* Exercise description *
In the listing, locate the line containing "Premium Bamboo Patio", then quote it and all following lines exactly. Omit pictures.
==== Data supplied
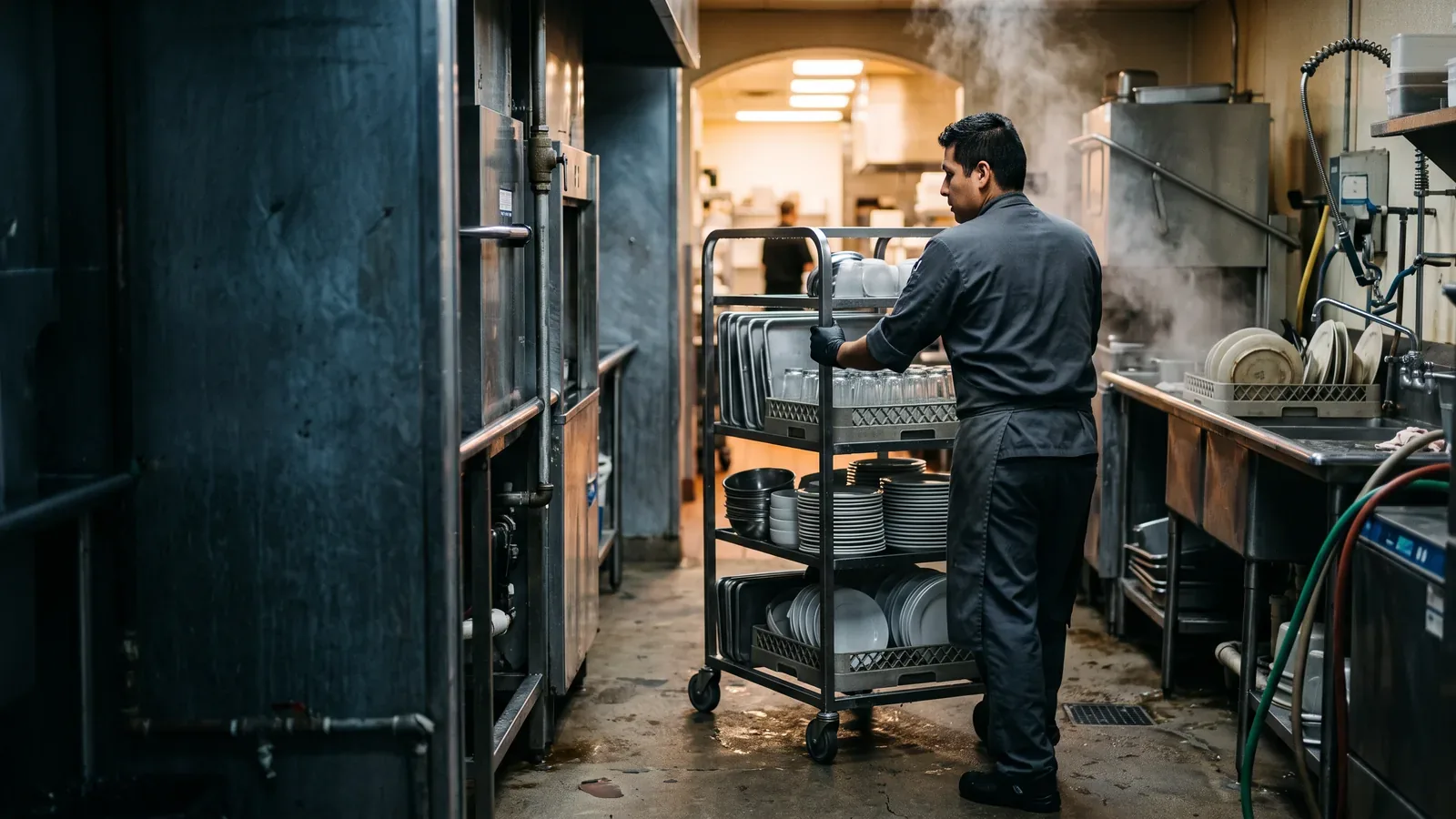 A steward pushing a rack of clean plates out of a dish pit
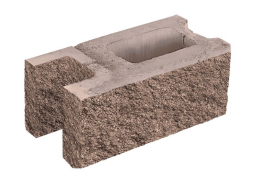 Заборный блок колотый, стеновой, 380х190х140мм, коричневый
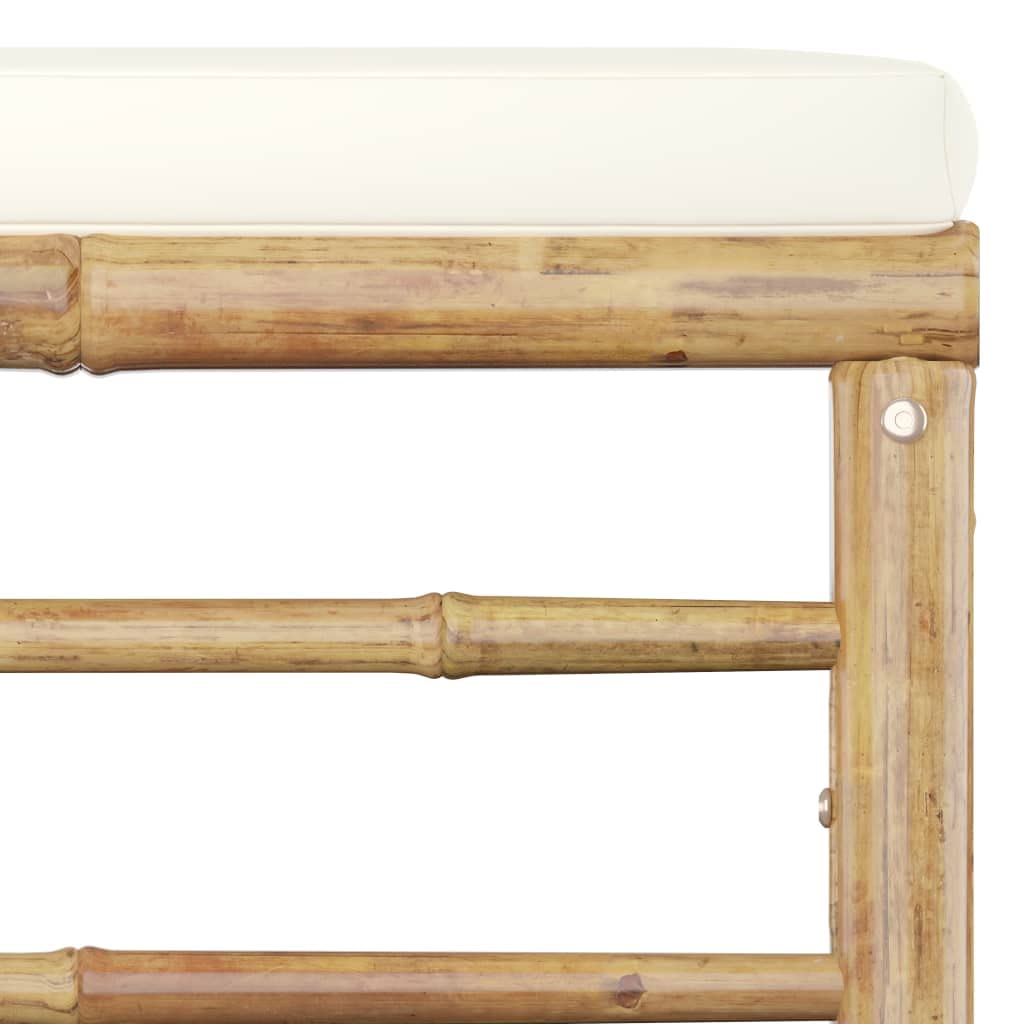 Premium Bamboo Patio Footrest with Cream White Cushion - Outdoor Lounge Furniture for Garden, Poolside, Backyard & Deck - Perfect for Relaxing, Sunbathing & Lounging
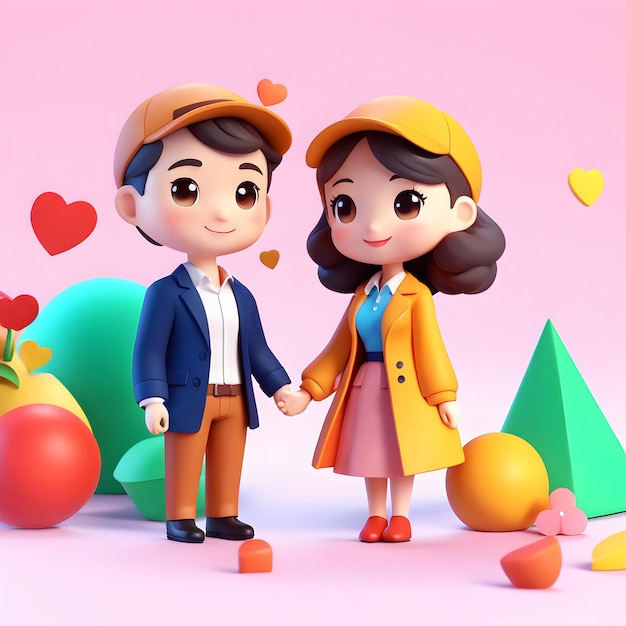 Adorables illustrations de couples en 3D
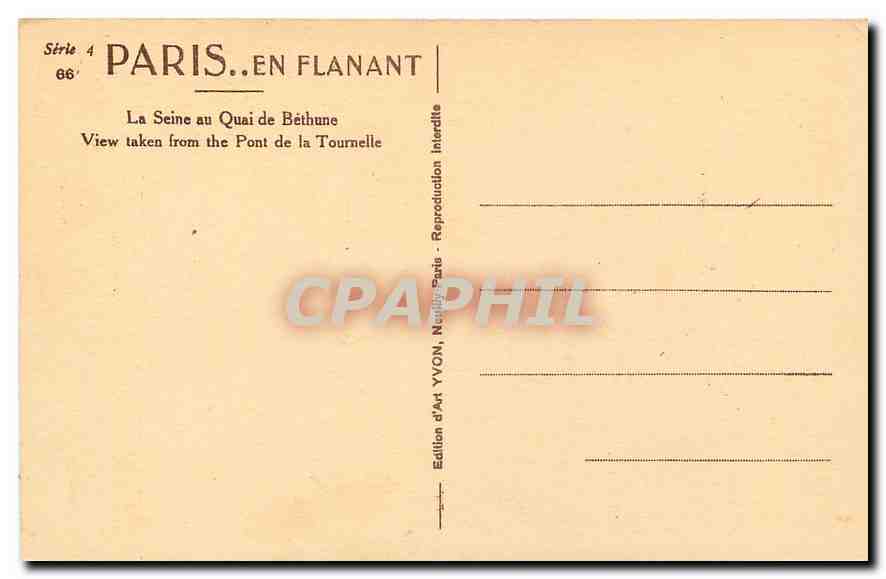 CPA Paris La Seine au Quai de Bethune  — Rückseite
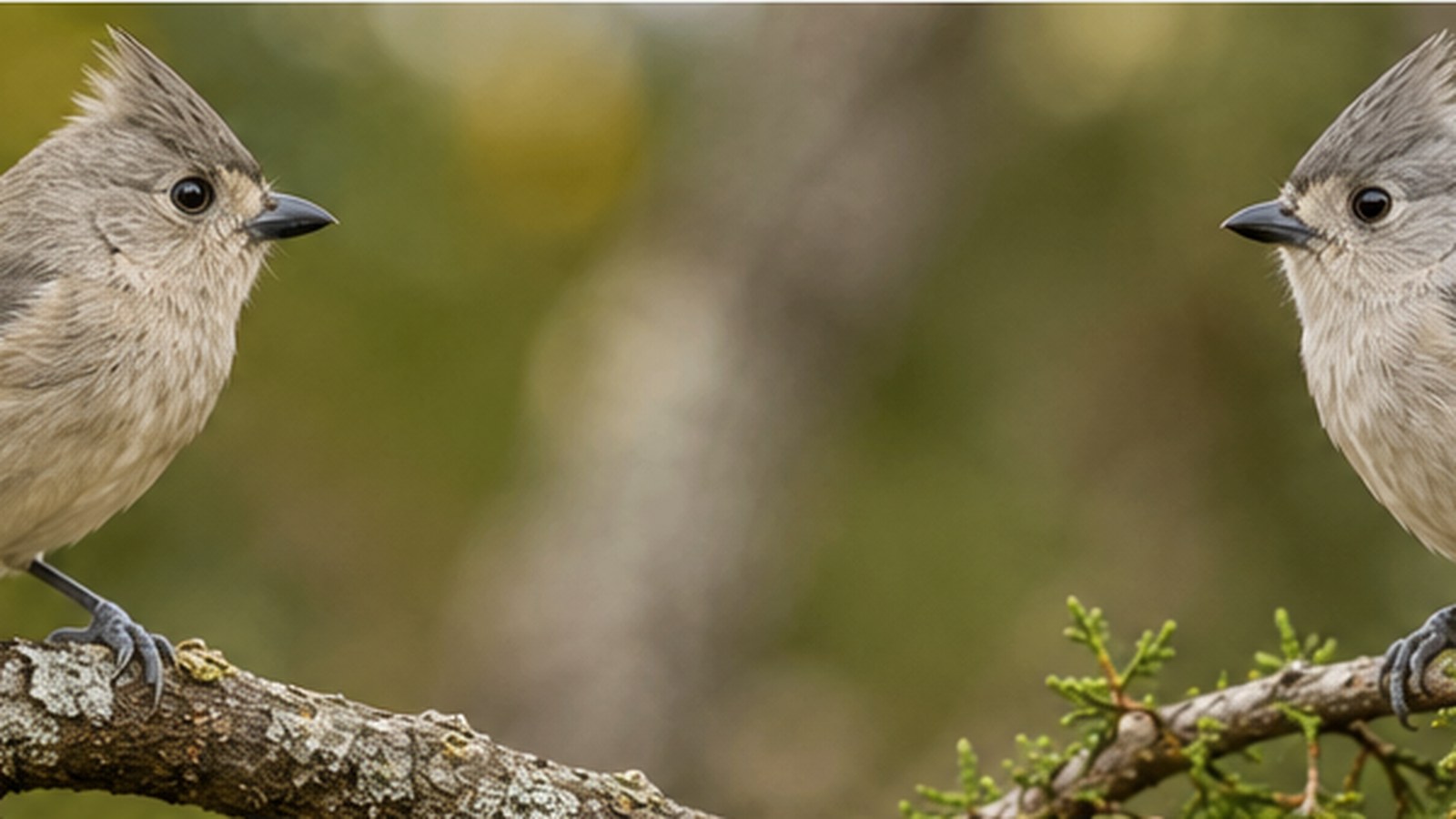 Oak Titmouse and Juniper Titmouse facing one another on woodland branches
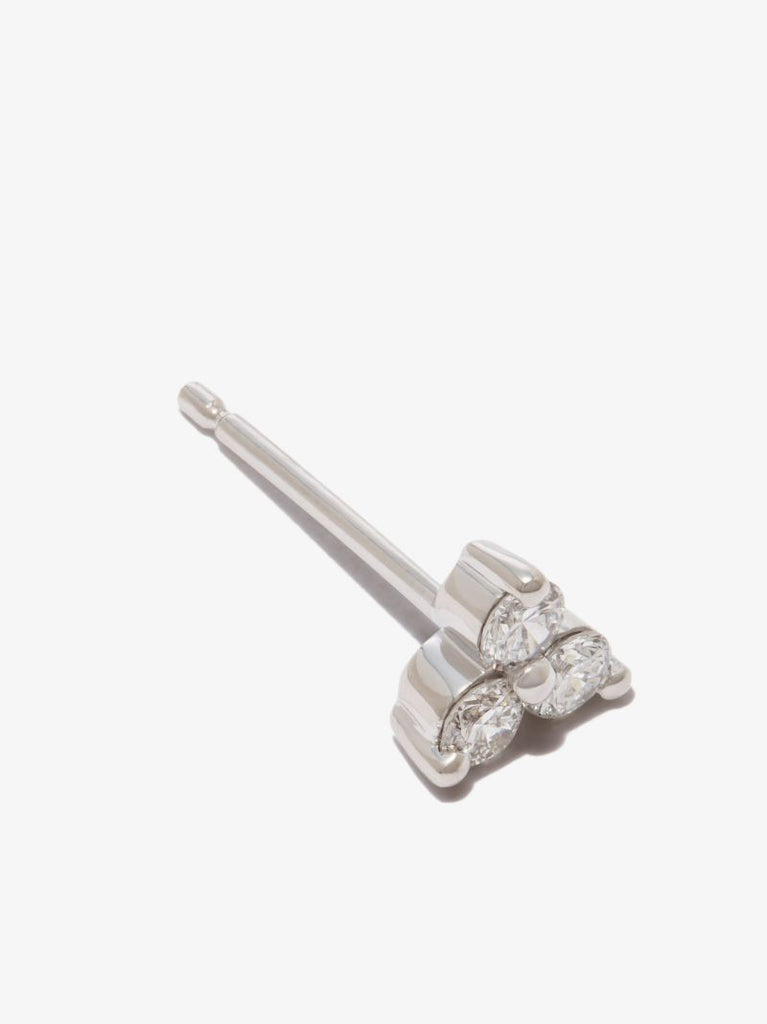 18k White Gold Trinity Diamond Earring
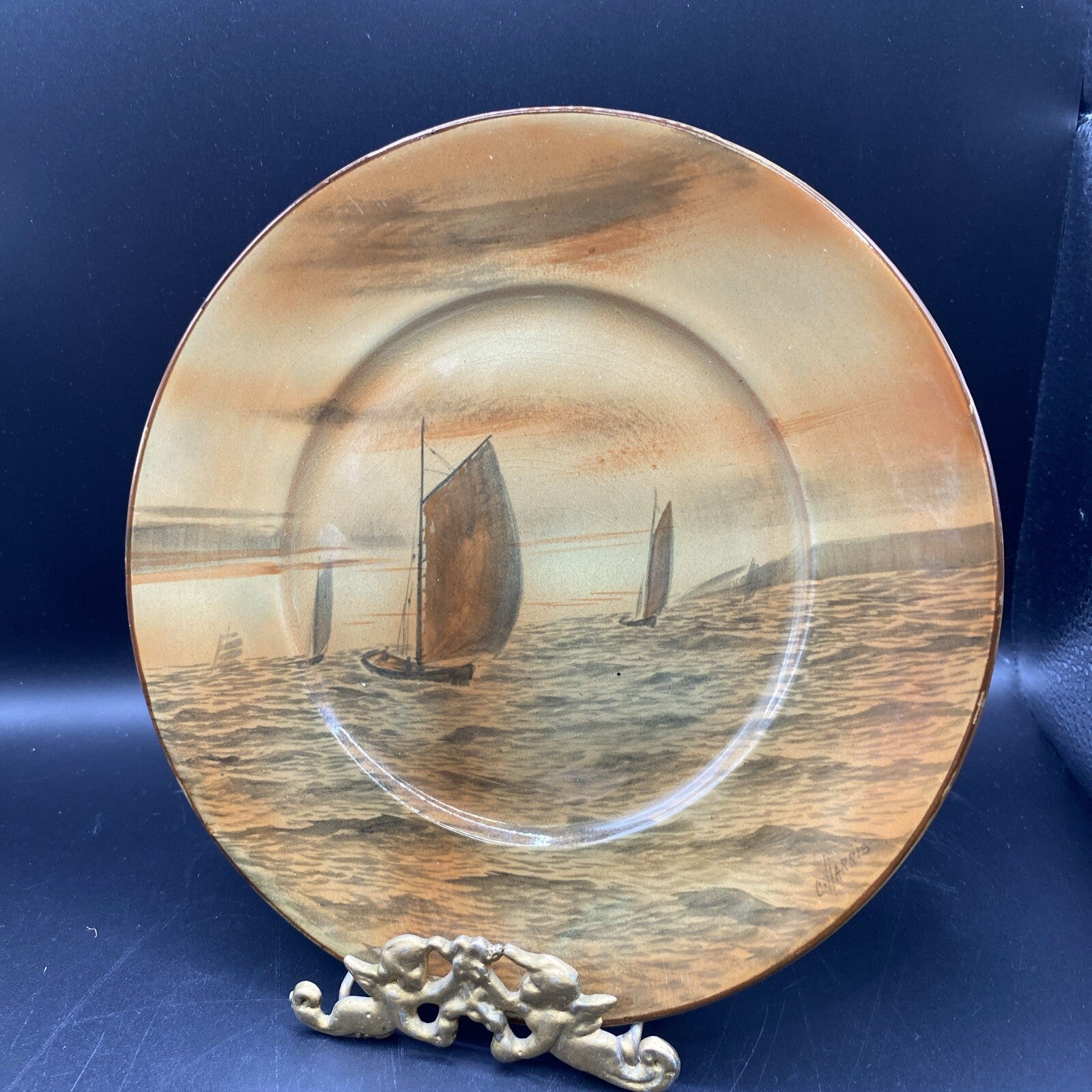 Antique 1912 Buffalo Pottery Abino Ware Nautical Ship Plate Signed C Harris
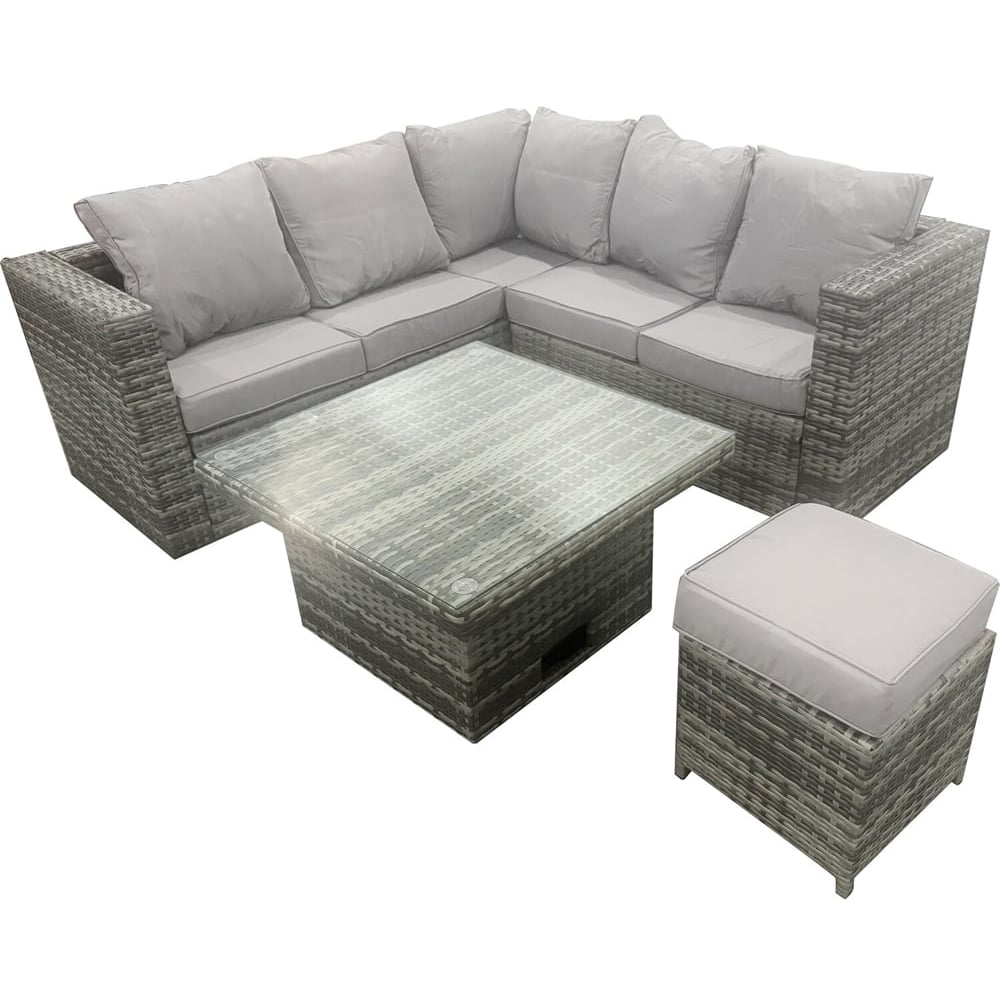 Carolina 5 Seater Grey Rattan Height Adjustable Table Garden Corner Lounge Set Image 2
========
* Result of this exercise *
 Premium Bamboo Patio Footrest with Cream White Cushion - Outdoor Lounge Furniture for Garden, Poolside, Backyard & Deck - Perfect for Relaxing, Sunbathing & Lounging
 Adorables illustrations de couples en 3D
 CPA Paris La Seine au Quai de Bethune  — Rückseite
 Oak Titmouse and Juniper Titmouse facing one another on woodland branches
 18k White Gold Trinity Diamond Earring
 Antique 1912 Buffalo Pottery Abino Ware Nautical Ship Plate Signed C Harris
 Carolina 5 Seater Grey Rattan Height Adjustable Table Garden Corner Lounge Set Image 2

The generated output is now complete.